A monument of Jefferson Davis after a much deserved stomping in Virginia
A monument of Jefferson Davis after a much deserved stomping in Virginia
Photo: PARKER MICHELS-BOYCE (Getty Images)

The Southern Poverty Law Center (SPLC), estimates that approximately 160 Confederate monuments were taken down over the course of 2020. Come y’all, those are rookie numbers, we need to pump those numbers up.

The Associate Press reports that the SPLC has released the figures as part of its “Whose Heritage?” database that keeps track of how many confederate symbols still exist on public lands. While 160 might seem like a solid chunk, between monuments, schools, buildings, and plaques, there are about 2,100 symbols that are still floating around the country.

At this point, I’m almost impressed at America’s continued dedication to doing the bare minimum. Almost.

“These racist symbols only serve to uphold revisionist history and the belief that white supremacy remains morally acceptable,” SPLC Chief of Staff Lecia Brooks wrote in a statement, the AP notes. “This is why we believe that all symbols of white supremacy should be removed from public spaces.”

In terms of monuments, there are still 704 just being ugly and racist in buildings and parks across the country, including even the Capitol building. Leave it to Mississippi’s stupid ass to have Confederate President Jefferson Davis be one of the statues that represent the state in the National Statuary Hall Collection. A statue of Confederate General Robert E. Lee previously stood in Statuary Hall, representing the state of Virginia, but it was taken down and will be replaced with a statue of Barbara Johns.
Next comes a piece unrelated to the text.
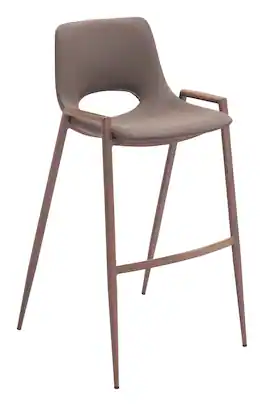 Hivvago - Desi Barstool (Set of 2) - Brown & Walnut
Johns was a 16-year-old girl who led a walkout to protest the inequitable conditions at her segregated school in Farmville, Va. The walkout garnered attention from attorneys at the NAACP, who filed a federal lawsuit that would go on to be one the cases the Supreme Court reviewed in Brown v. Board of Education, the landmark case that would deem segregation unconstitutional.

“I hope that young people will see it as something that they could emulate,” Joan Johns Cobbs, Johns’ younger sister, told AP with regard to the statue. “Being that young, seeing an injustice, and deciding to do something about it is pretty remarkable.”

In recent years there has been calls for these monuments to be removed from public spaces as they’re, you know, racist as fuck and celebrate people who commited actual treason. Those calls only intensified last year in the wake of the protests against police brutality and systemic racism after the deaths of Ahmaud Arbery, Breonna Taylor, and George Floyd.

While many states have attempted to answer these calls and form commissions to determine what to do with the Confederate symbols scattered around their states, others, such as Georgia, Mississippi, and Alabama have seen lawmakers introduce legislation to protect them monuments from being altered, moved, or damaged in any way.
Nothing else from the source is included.